L’aphasie est insuffisamment pris en compte dans la vie sociale, qui est impactée dans tous les domaines.

BF : Comment peut-on définir l’aphasie, et comment cela nous arrive-t-il ?

« On parle d’aphasie quand une personne a perdu totalement ou partiellement la capacité de communiquer, c’est-à-dire de parler ou de comprendre ce qu’on lui dit » apprend-on sur le site de la Fédération des aphasiques de France. Parler, comprendre, lire, écrire, parfois même répondre par oui ou non, est difficile, voire impossible. Mais les capacités intellectuelles, elles, sont intactes.

Toute personne peut devenir aphasique du jour au lendemain, à tout âge, à la suite d’une lésion cérébrale dont les causes peuvent être multiples. La récupération est possible, et fréquente au moins partiellement, mais pas systématique. Elle passe par la rééducation, et par la volonté du patient et de son entourage. Car il faut se battre, y compris avec un environnement qui n’est pas toujours bienveillant. « Dans un diner, on ne sait pas à coté de qui assoir celui qui ne peut parler » commente amèrement cette épouse qui constate la perte de liens sociaux depuis l’aphasie de son mari.
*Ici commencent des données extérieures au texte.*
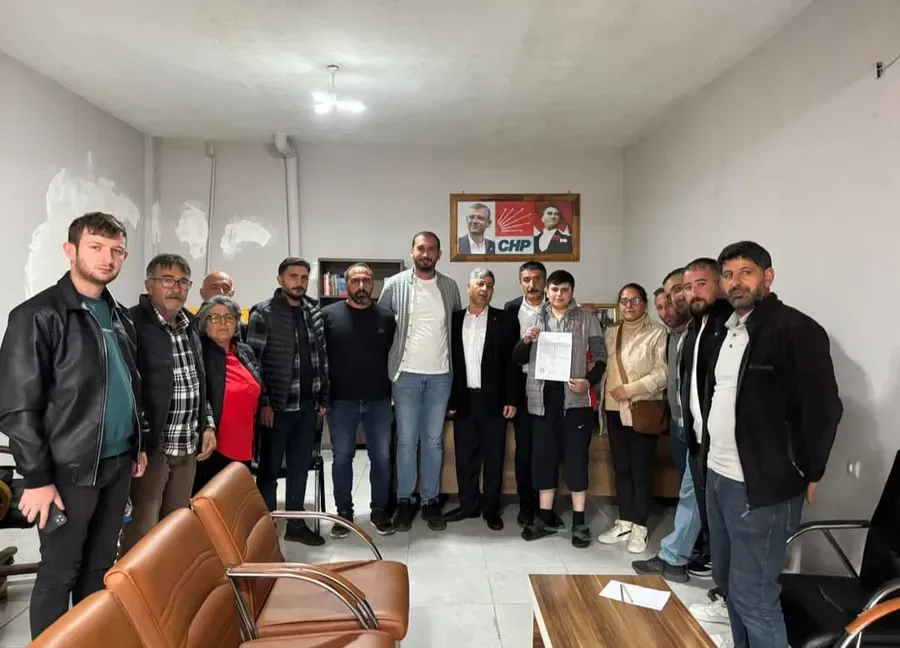 CHP  Susuz İlçe Kongresi yaptı Savaş Zarı. ilce Başkanı seçildi.
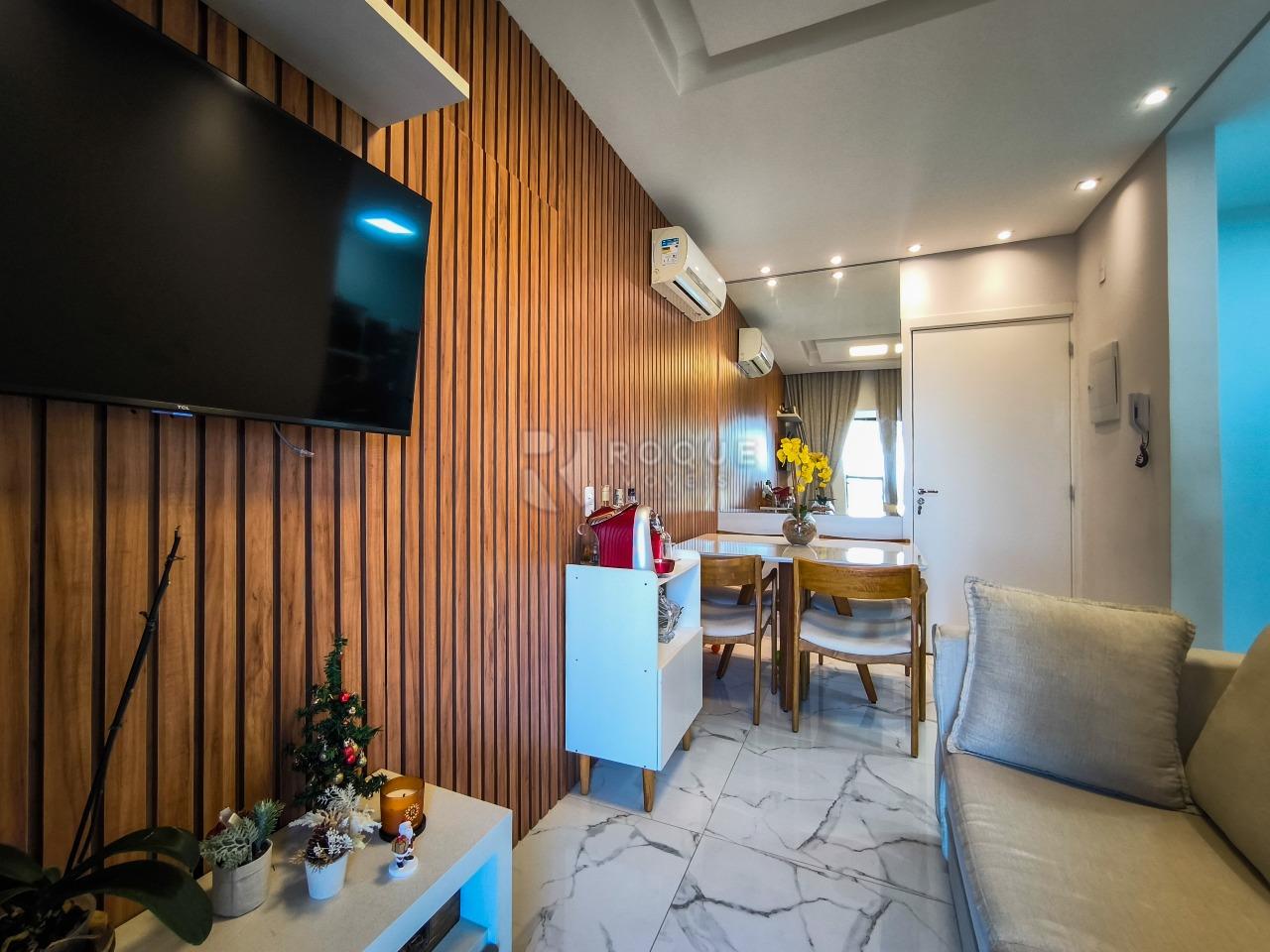 Apartamento à venda no bairro Vila Teixeira Marques: SALA DE ESTAR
BF : On imagine que l’entourage immédiat joue un rôle important, dans une épreuve qui isole autant ?

Oui, Bruno, notamment pour maintenir chez la personne aphasique le désir de communiquer en l’encourageant et en s’adaptant à ses capacités. Mais on peut le comprendre, l’usure, la fatigue, voire le burn-out guettent les aidants familiaux.

L’aphasie est un problème de santé important -300 000 personnes aphasiques en France !- Il est insuffisamment pris en compte dans la vie sociale, qui est impactée dans tous les domaines. On le comprend dans ce tweet de cette autre épouse : « Si un jour quelqu’un vous tend un papier écrit « je suis aphasique, je ne peux vous dire ce que je veux, mais je peux vous répondre », prenez un instant pour cette personne ». Et d’inviter à formuler ce dont elle peut avoir besoin pour l’aider.

La parole est d’usage partout, et donc tous les corps sociaux doivent être préparés à y faire face, au travail, dans les commerces, les administrations, et même la rue, où la personne aphasique peut avoir besoin d’aide.